The GTX590 has 5 VRMs per GPU, each rated at 35 amps. (meaning 35 watts at 1.0 volt), 10 VRMs, 350 watts maximum. The stock GTX580 has 8 VRMs but some custom PCB designs have up to 16 VRMs. (though I don’t know their current rating).

In general, more VRMs give “smoother” power, but the power limit is defined by the product of the VRM count, VRM current rating, and voltage.

Very interesting.

Any observations on the “intra-GPU” GTX 590 bandwidth? Is it getting full 16-lane PCIe 2.0 bandwidth from the onboard switch or less?

I think testing this may require the 4.0 P2P features to be working so that’s a good question as well: does P2P work?

Yes, interesting. Those interested in a 590 should probably wait for custom designs with more VRMs.

In addition to the rasterizer, there’s also something called “polymorph engine”, and it seems to be unused in CUDA too. I looked through online sources, no one says that raster engines and polymorph engines represent any significant part of the chip, but no one denies it, either.

My conclusion is exactly the opposite. For multi-GPU CUDA apps, the GTX590 is terrific as-is. Those power measurements are direct evidence of the fact that CUDA is unaffected by the wattage limits of the GTX590 PCB VRM issues.

For gaming? I’d probably skip the GTX590, but not for CUDA.

I’m ordering many more boards. They’re just hard to get now.

Hi SPWorley,
Sorry for the stupid question, but how did you manage to run CUDA on GTX590 with these old drivers which not support GTX590?
I ask because I have problem to run two of them with 270.40 and 270.41 drivers under Linux - they work ONLY at maximum 553Mhz speed (performance level 2).

I used the 270.36 drivers since the 270.40 corrupted my video (even with the GTX 480).
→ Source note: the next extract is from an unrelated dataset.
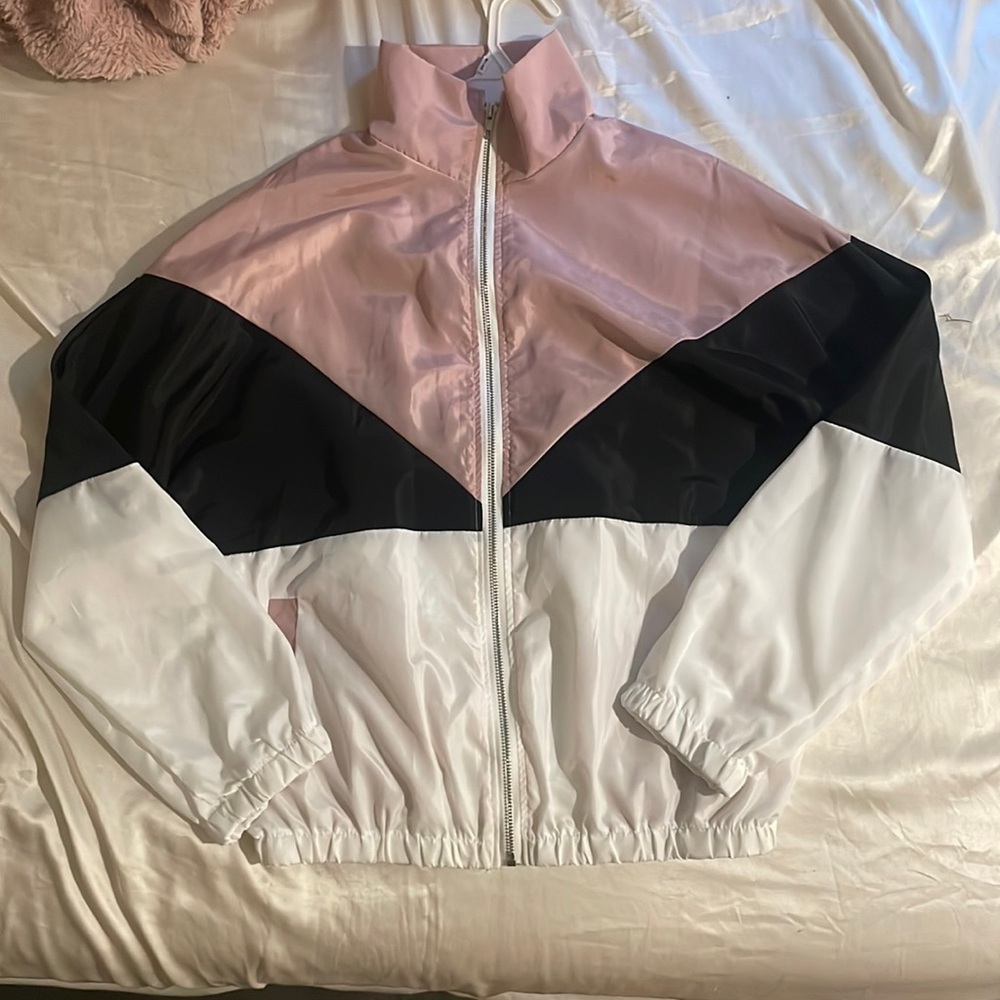 Never worn…at all! Decent sized pockets. White, black, and pink. And so cute!!!!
Those are the CUDA 4.0 RC1 drivers.

In .36 the GTX590 is identified as “Device Emulation (CPU)” by CUDA properties, but it works in CUDA apps.

NVIDIA-settings just labels it as “unknown”.
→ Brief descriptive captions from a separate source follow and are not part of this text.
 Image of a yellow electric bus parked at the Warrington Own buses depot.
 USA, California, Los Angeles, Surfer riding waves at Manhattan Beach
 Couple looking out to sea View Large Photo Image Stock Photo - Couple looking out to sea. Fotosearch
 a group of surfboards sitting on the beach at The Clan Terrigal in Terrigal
There is definitely some runlevel problem, though. Both GPUs start at runlevel 0 (super-idle). When given a load, both properly go up to runlevel 3 (1260 MHz) and speed timing shows they’re really at that speed.
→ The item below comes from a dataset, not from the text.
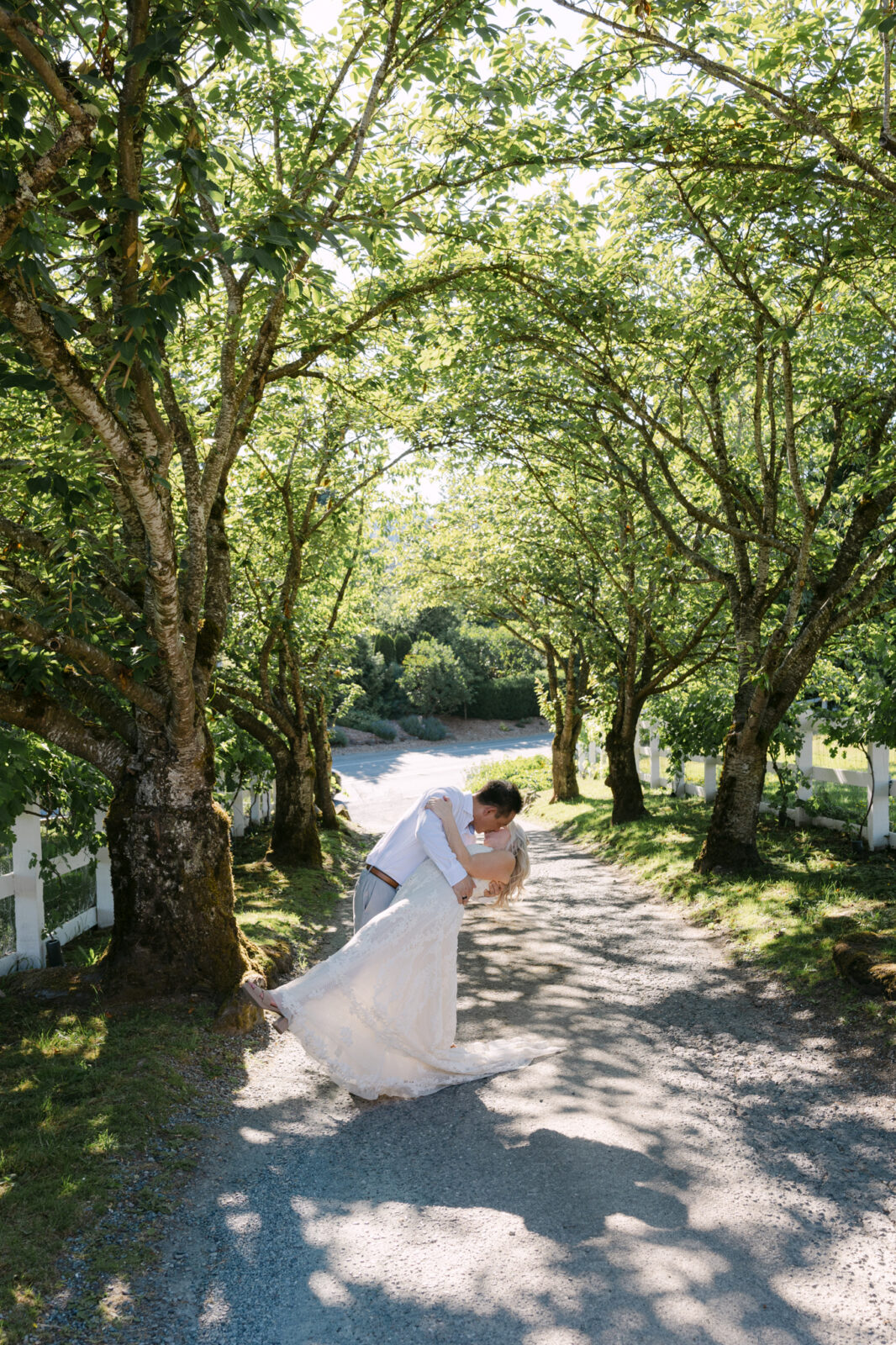 Groom dipping bride beneath the trees during Chateau Lill wedding portraits.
After the load is finished, the runlevels drop, but sometimes only to runlevel 1 or 2, even after 20 minutes. That’s obviously a bug, but again I’m not concerned by it since I’m using old drivers.

The other runlevel bug occurs when I put a load on one GPU but not the other… often the second GPU is also affected, and it’s not symmetric. (Load on GPU 0 doesn’t affect GPU1, load on GPU1 will boost GPU0 to runlevel 2 and it will stick there.)

There’s still no certified Linux drivers for the GTX590, even beta. 260.19.44 came out on March 7.

Thanks for the answer! I will try with these drivers too, but suppose that in this case will not have fan control. Actually I have only 270.35 drivers with RC1, but presumably it will be the same.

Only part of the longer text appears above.